Myanmar’s latest attempt to investigate the mass accusations of human rights violations committed in the Rakhine State appears to be withering further away from its rhetorical promises. The new “independent commission of inquiry” established by Myanmar’s government to conduct impartial investigations to identify alleged perpetrators has been heralded by Human Rights Watch as a dubious attempt at creating accountability and justice for Myanmar’s Rohingya population.
In a news conference on Thursday, August 16, the same day as its first formal meeting, the commission’s chairwoman Rosario Manalo from the Philippines outlined some of the four-member commissions ‘salient points.’ Regrettably, any hope for a due process towards accountability was stifled by Manalo’s assurance that “…There will be no blaming of anybody, no finger pointing of anybody because we don’t achieve anything by that procedure. Our procedure is: ‘Welcome, help us so we can help you.'” To point fingers she continued is not diplomatic, and to attribute blame and accountability is “quarreling.” Adding that these measures are not ones which look for peace.
Yet accountability is one move towards justice and indeed peace. It should be remembered that the commission was initially heralded as having “a view towards accountability.” Notably, Manalo also asserted that the commission’s independence and impartiality would be upheld, a comment which should be met with scepticism and attention considering the presence on the commission of one of the Myanmar nationals, economist Aung Tun Thet, who has consistently denied that atrocities have been committed by security forces, stating, “There is no such thing in our country, in our society, as ethnic cleansing, and no genocide.” The panel plans to travel to Rakhine state to speak with the remaining members of the affected communities, with the military providing security. However, speaking openly about atrocities committed by security forces with them in range seems a poor move. Beyond this, it has not been decided whether there will be any discussions with some of the hundreds of thousands of refugees in camps in Bangladesh. Omitting these victims from investigations would further undermine the commissions credibility.
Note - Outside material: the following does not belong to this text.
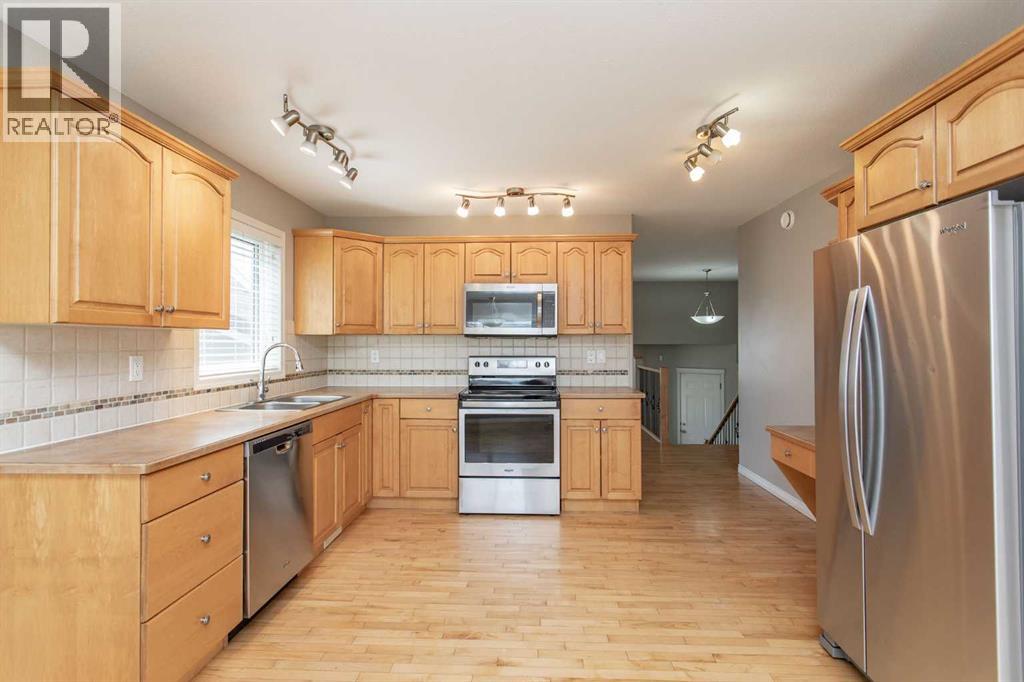 210 Lindsay Avenue — photo 8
For the 700,000 Rohingya who fled Myanmar to neighbouring Bangladesh, and for those who remain stateless and displaced within the country after consecutive attacks by security forces, this will fall short of what was hoped for, and what is needed. The establishment of the commission came following failed attempts to call for the International Criminal Court (ICC) to investigate alleged abuses by the security forces, including destruction of villages, mass rape and murder. As Myanmar is not a member of the court, it was able to reject participating in proceedings. The UN Security Council however, can and should refer the situation to the ICC. The establishment of the commission was utilised as a justification for the ICC to not press the issue further. Despite assurances of impartiality and neutrality, previous inquiries conducted by Myanmar authorities have declared the forces free of criminal actions. As such, this latest government initiative should be watched closely and critically, given that UN officials have characterized the situation as ethnic cleansing of the Rohingya Muslims by Buddhist majority Myanmar.
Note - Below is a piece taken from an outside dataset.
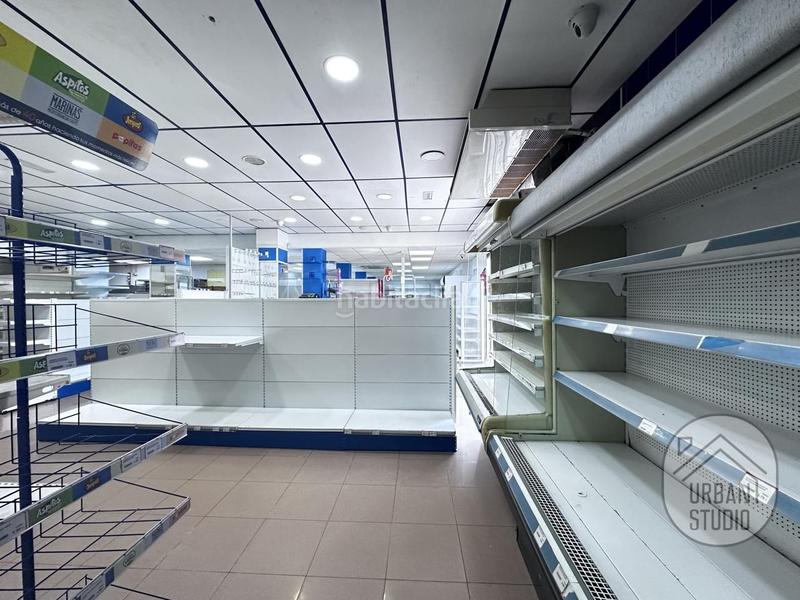 Foto 1c04c555-6a99-40c8-a736-542b117ab997. Locale commerciale in Islas Menores-Mar de Cristal Cartagena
It should be remembered that an independent investigation into the human rights abuses in Myanmar already exists. The United Nations Human Rights Council last year created a fact-finding mission into the alleged abuses by Myanmar’s security forces as well as other armed groups, however, it was blocked from entering the country by the government. This government established commission of inquiry should not be relied upon to pave the way to justice for the hundreds of thousands of Rohingya victims. The culture of impunity that has amassed from Myanmar’s repeated denial of responsibility for atrocities committed means the Security Council must refer the situation in Myanmar to the ICC immediately, before it misses another opportunity to fulfill its responsibility of maintaining peace and security.